箱根権現
箱根権現(はこねごんげん)は、箱根山の山岳信仰と修験道が融合した神仏習合の神であり、文殊菩薩・弥勒菩薩・観世音菩薩を本地仏とする。神仏分離・廃仏毀釈が行われる以前は、箱根権現社(現・箱根神社)・箱根山金剛王院東福寺[2]で祀られた。
歴史
編集箱根山では、古代より主峰・神山に対する山岳信仰があり、神山を遥拝できる駒ケ岳の山頂を磐境として祭祀が行われていた。特に、孝昭天皇の時代に聖占が駒ケ岳において神山を神体山として祀ったことが、山岳信仰の隆盛に大きな影響を与えたとされる[3]。
天平宝字元年(757年)朝廷の命を受けて、万巻が箱根山の山岳信仰を束ねる目的で箱根山に入山し、神山や駒ケ岳で3年間修行して、三所権現(法躰・俗躰・女躰)を感得した。法躰は文殊菩薩の垂迹、俗躰は弥勒菩薩の垂迹、女躰は観世音菩薩の垂迹とされる[4]。
伝承では、万巻は神託に基づいて、箱根権現を祀る社殿(現在の箱根神社)を建立したほか、地元の人々を悩ませていた九頭龍を鎮め、龍を祀る社(九頭龍神社)も建立したとされる。その後、神仏習合の流れの中で、万巻上人草創の箱根権現社と箱根山東福寺(後の金剛王院)とが一体を成し[5]、箱根権現への信仰は東密の影響を大きく受け、多くの修験者が箱根山に入山して関東の修験霊場として栄えた。
平安時代に箱根路が開かれると、旅人が箱根権現に道中の安全を祈願することも多くなった[3]。
鎌倉時代に、箱根権現は源頼朝の篤い崇敬を受け、鶴岡八幡宮に次いで関東武士の信仰を集めた。箱根権現・伊豆山権現を併せて二所権現と呼び、二所詣の風習も生まれた[3]。

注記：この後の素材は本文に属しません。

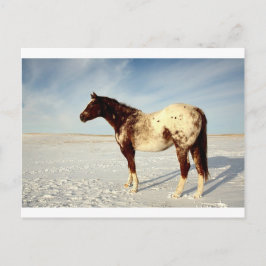 Appaloosa Mare im Winter Postkarte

室町時代、地元駿河国駿東郡豪族の大森氏の出身であった37世證実と兄の大森頼春が上杉禅秀の乱で鎌倉を追われた鎌倉公方足利持氏を箱根権現に匿ってその危難を救った功績によって、大森氏と箱根権現には箱根山の両側(足柄下郡・駿東郡)に広大な所領を与えられた。
戦国時代に入ると大森氏は新興の伊勢宗瑞(北条早雲)に滅ぼされるが、早雲も箱根山の掌握を重視して自分の子を箱根権現の別当にすべく送り込み、やがてその子は40世長綱(後の北条幻庵)となっている[6]。

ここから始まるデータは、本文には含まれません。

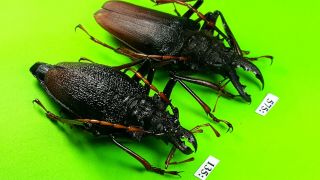 Cerambycidae Psalidognathus Antonkozlovi Pair 71mm / 60mm From Peru 575 - 135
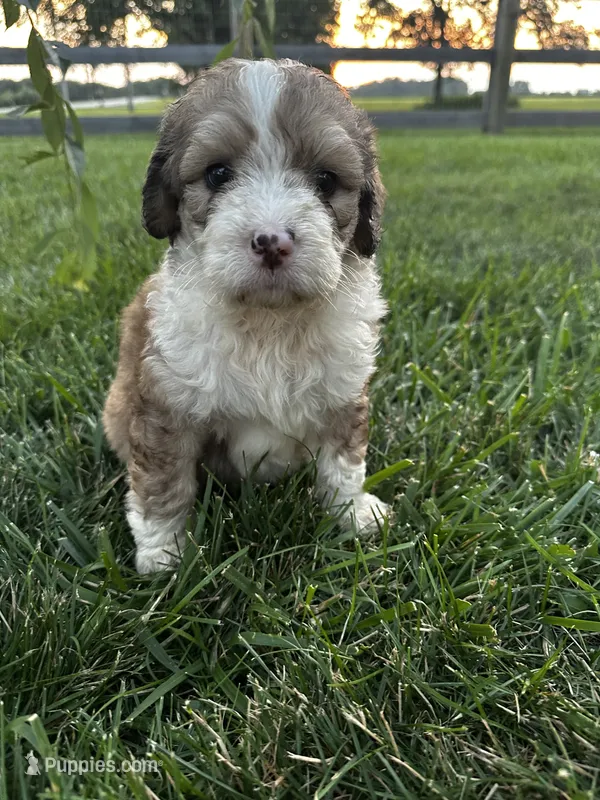 Bunny – Bernedoodle puppy for sale in West Jefferson, OH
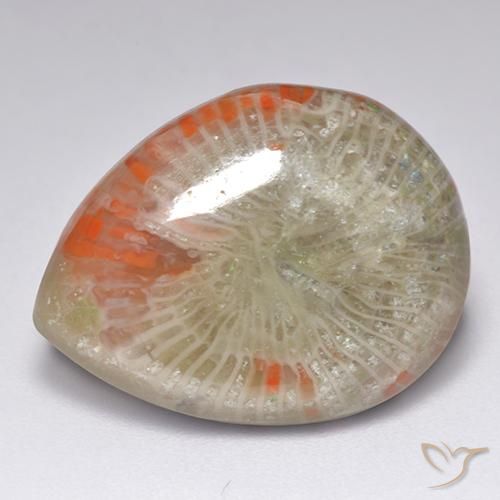 Coral multicolor natural de 9,84 ct, en forma de pera, translúcido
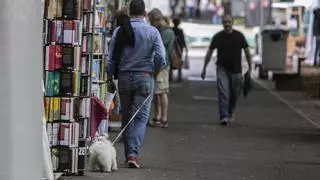 Santa Cruz programa su Feria del Libro en el Parque García Sanabria durante las Fiestas de Mayo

江戸時代に箱根の関所が置かれて東海道が整備されると、交通の要所に位置することとなった箱根権現は一層篤い信仰を受けるようになった[3]。
明治以降
編集明治維新の神仏分離令による廃仏毀釈によって、修験道に基づく箱根権現社は箱根神社へと改称された[3]。別当寺である箱根山金剛王院東福寺は廃寺に追い込まれた(箱根神社境内の駐車場付近にあったと推定される[2])。

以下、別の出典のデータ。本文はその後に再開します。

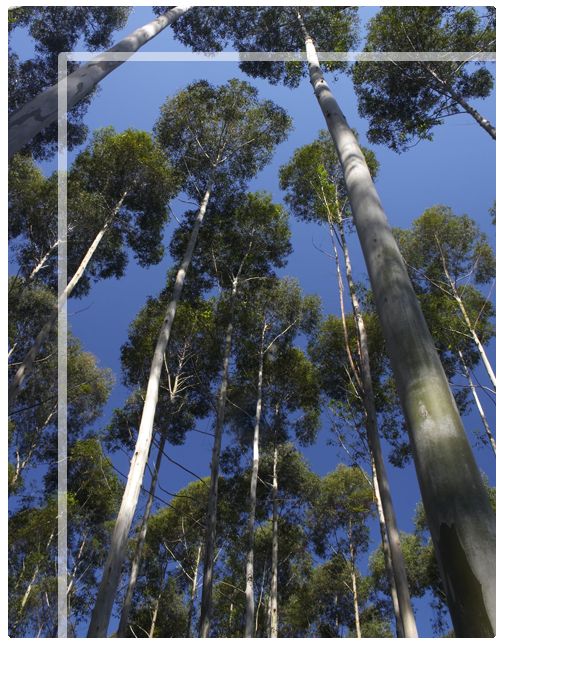 Forestal Caja Bancaria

明治6年(1873年)には明治天皇と昭憲皇太后が参拝し、その後も皇族の参拝が続いた[3]。昭和55年(1980年)に昭和天皇と皇后が参拝し、昭和56年(1981年)に浩宮皇太子(現・今上天皇、令和)が参拝した[3]。
脚注
編集- ^ 飯沼勝五郎『仇を討つまで : 武士道美談』蘇堂山人 著 (内外出版協会, 1926)
- ^ a b 金剛王院東福寺跡 コトバンク
- ^ a b c d e f g 箱根神社の由緒 箱根神社公式ホームページ
- ^ 存覚『諸神本懐集』「二所三島の大明神といふは大箱根の三所権現なり。法体は三世覚母の文殊師利。俗体は当来導師の弥勒慈尊。女体は施無畏者、観音薩埵なり。」
- ^ 日本「神社」総覧 ISBN 978-4404019578
- ^ 杉山一弥「室町期の鎌倉権現別当と武家権力」『室町幕府の東国政策』(思文閣出版、2014年) ISBN 978-4-7842-1739-7(原論文は『鎌倉』99号(2004年))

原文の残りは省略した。